Rausch, who co-owns eight restaurants across the country with his brother Mark, is convinced that Colombia will be Latin America’s next gastronomic destination, following in the footsteps of its southern neighbour, Peru. As the region’s third-largest economy after Brazil and Mexico, it is well placed to attract the kind of tourists who, for the last few years, have been travelling to Lima purely for the ceviche.

Rausch is part of a group of 50 local chefs and restaurateurs called Fogón Colombia, which represents the interests of the food industry to the government. Together with fellow Latin America’s 50 Best chefs Harry Sasson, Leonor Espinosa, Juan Manuel Barrientos and some of the country’s other most recognisable cooks, Rausch is committed to showing what the country has to offer in terms of its biodiversity and the vast amount of local ingredients that come from the Amazon, the Andes and the adjacent ocean.

Part of the country’s effort to grow gastronomy and aid the transition into peace is its crop substitution programme, where illegal coca production is replaced with viable food crops. While the guerrillas are committed to supporting the substitution plan as part of the peace accord, Rausch says that producers need all the help they can get to put it into action.

“As chefs, we have a social responsibility to show farmers that there are other options [beyond drug production] to substitute their crops and still prosper,” says Rausch. “The peace process will leave a lot of farmers who’ll need to find something else to grow, so we have to help them.”

The Rausch brothers – the most famous faces in Colombia’s restaurant scene, thanks to appearances on Masterchef and other TV shows – are doing their bit by putting their name to Pacari chocolate, produced from Colombian cacao that has substituted illegal crops. They are also teaching cattle producers in Caquetá, a deprived area previously dominated by coca production, to make cheese and butter, which they use in their restaurants.

In preparation for the anticipated boom in the local food scene, the brothers have also teamed up with Verde Oliva, the only cooking school in the country to focus on local cuisine, in the hope that their reputation will help attract young talent to a burgeoning industry.

Colombia is a couple of years behind the likes of Peru and Mexico in terms of international gastronomic movements. It is now catching up on the ‘introspective’ revolution – whereby chefs celebrate local ingredients, ancient recipes and indigenous traditions.
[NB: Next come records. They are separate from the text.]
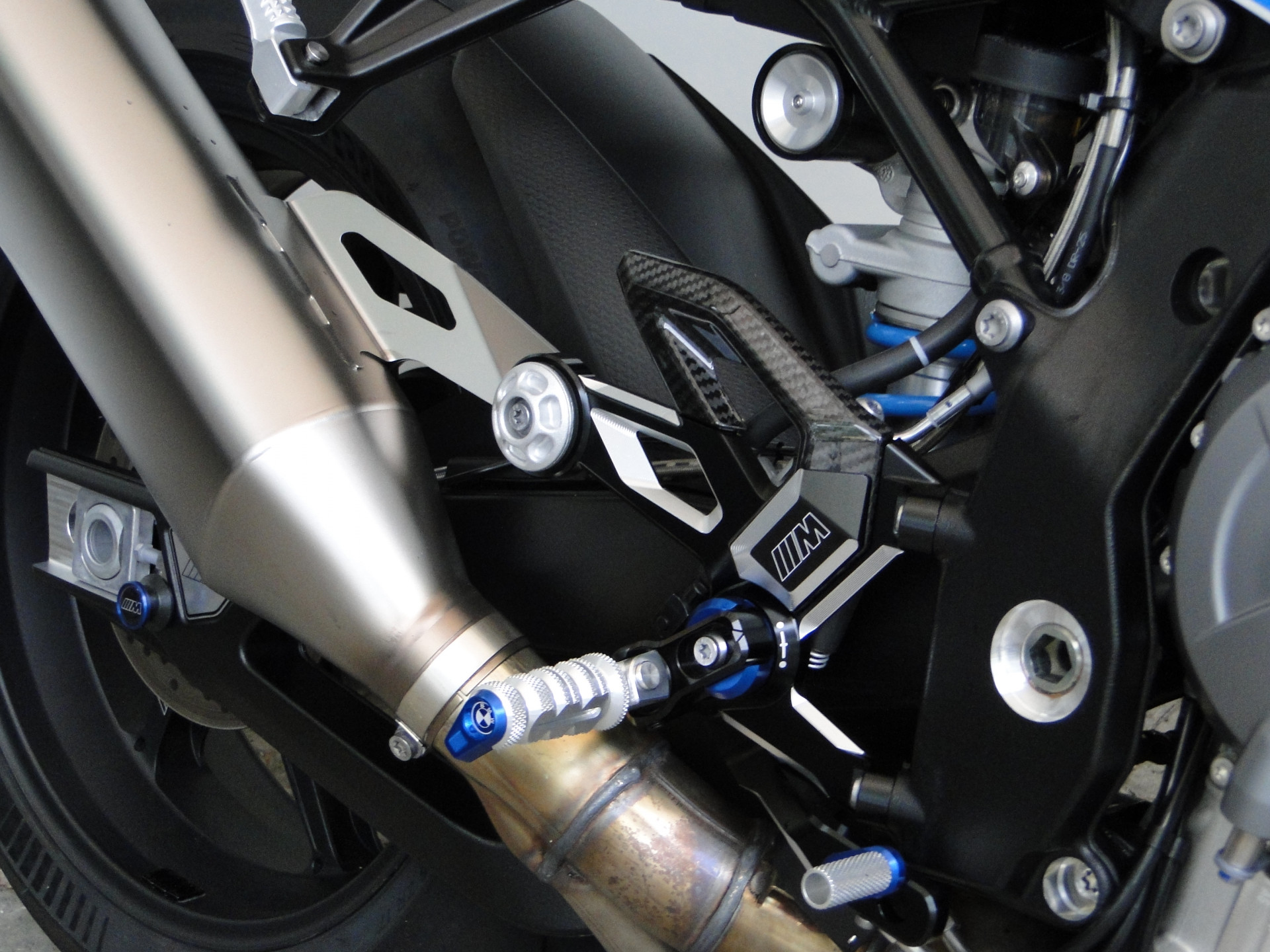 BMW M 1000 R-image-6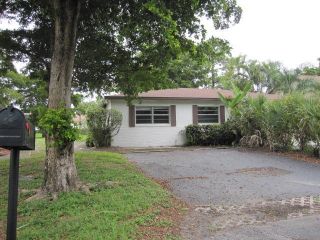 Foreclosed Home - 5179 Rose Hill Dr, 33437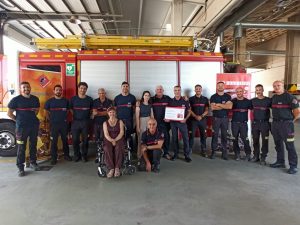 Entrega donativo Bomberos Benidorm ADELA CV - Adela CV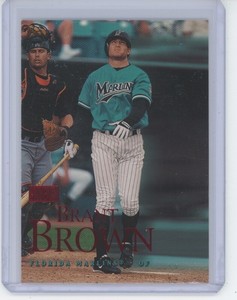 2000 SkyBox Star Rubies Florida Marlins Baseball Card #124 Brant Brown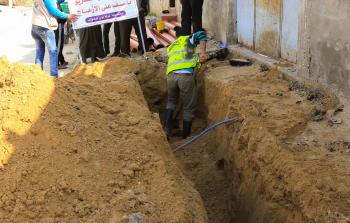 عمال خلال تنفيذ المشروع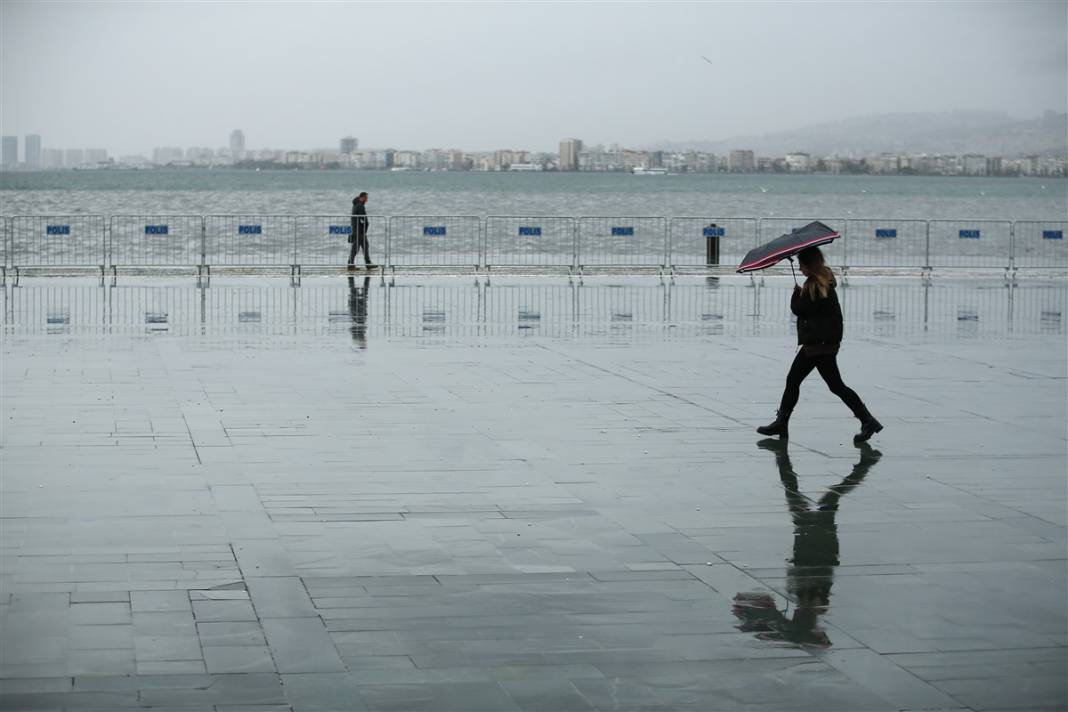 İzmir'de kırmızı alarm! 4 ilçeyi vurdu, tahliye çalışmaları başladı 12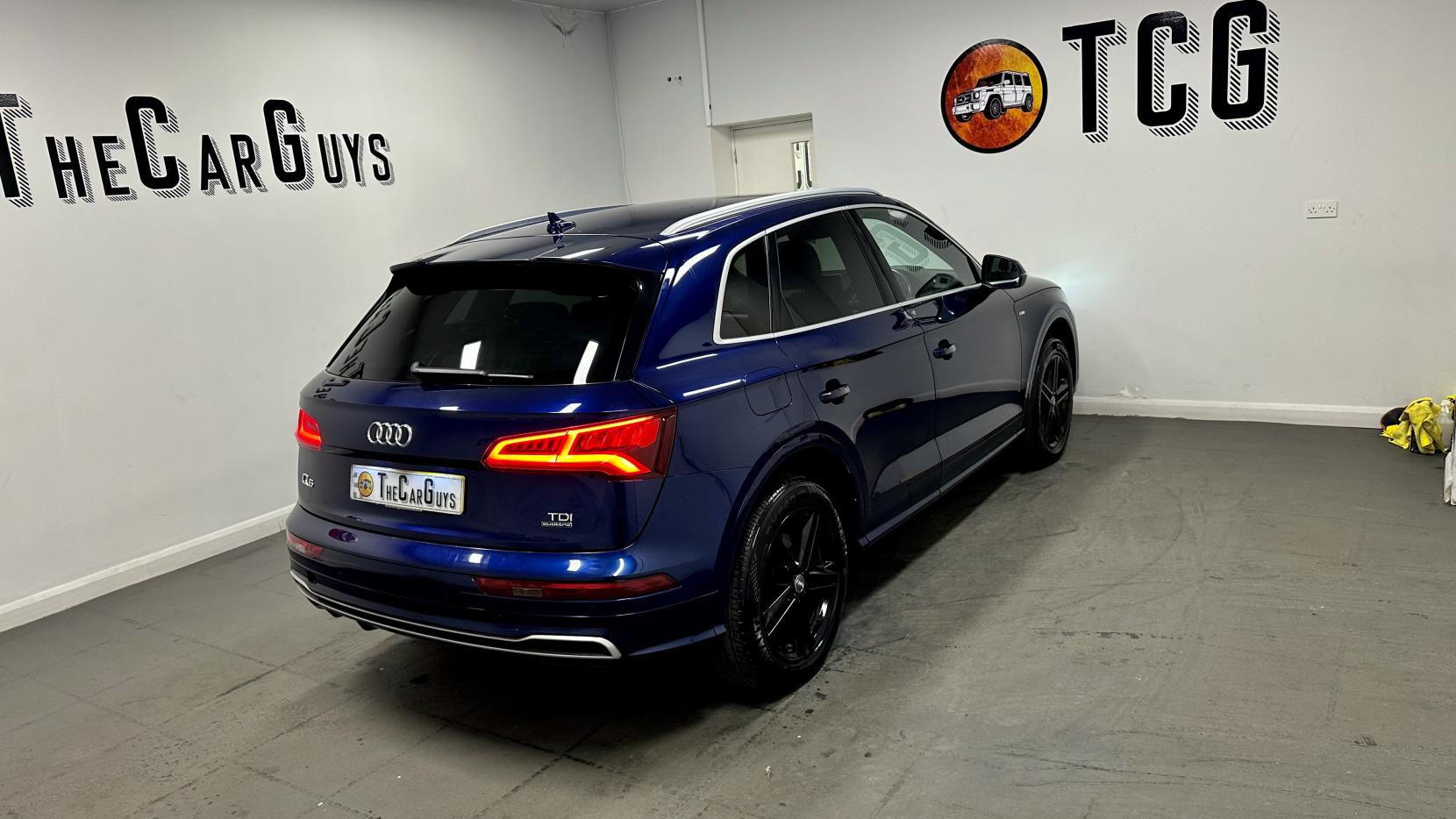 Audi Q5 2.0 TDI S line SUV 5dr Diesel S Tronic quattro Euro 6 (s/s) (190 ps)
“We want to show what Colombia has to offer,” says Rausch. “We’re in a privileged geographic position with two oceans, the rainforest, the Andes, and all of that is reflected in our gastronomy.”

 

Jorge and Mark Rausch will be cooking at Colombia in Residence at the NH Collection Eurobuilding Madrid from 21st to 25th March. Their fellow 50 Best chefs Juan Manuel Barrientos, Harry Sasson and Leonor Espinosa will each cook for a series of special meals, starting on 28th February.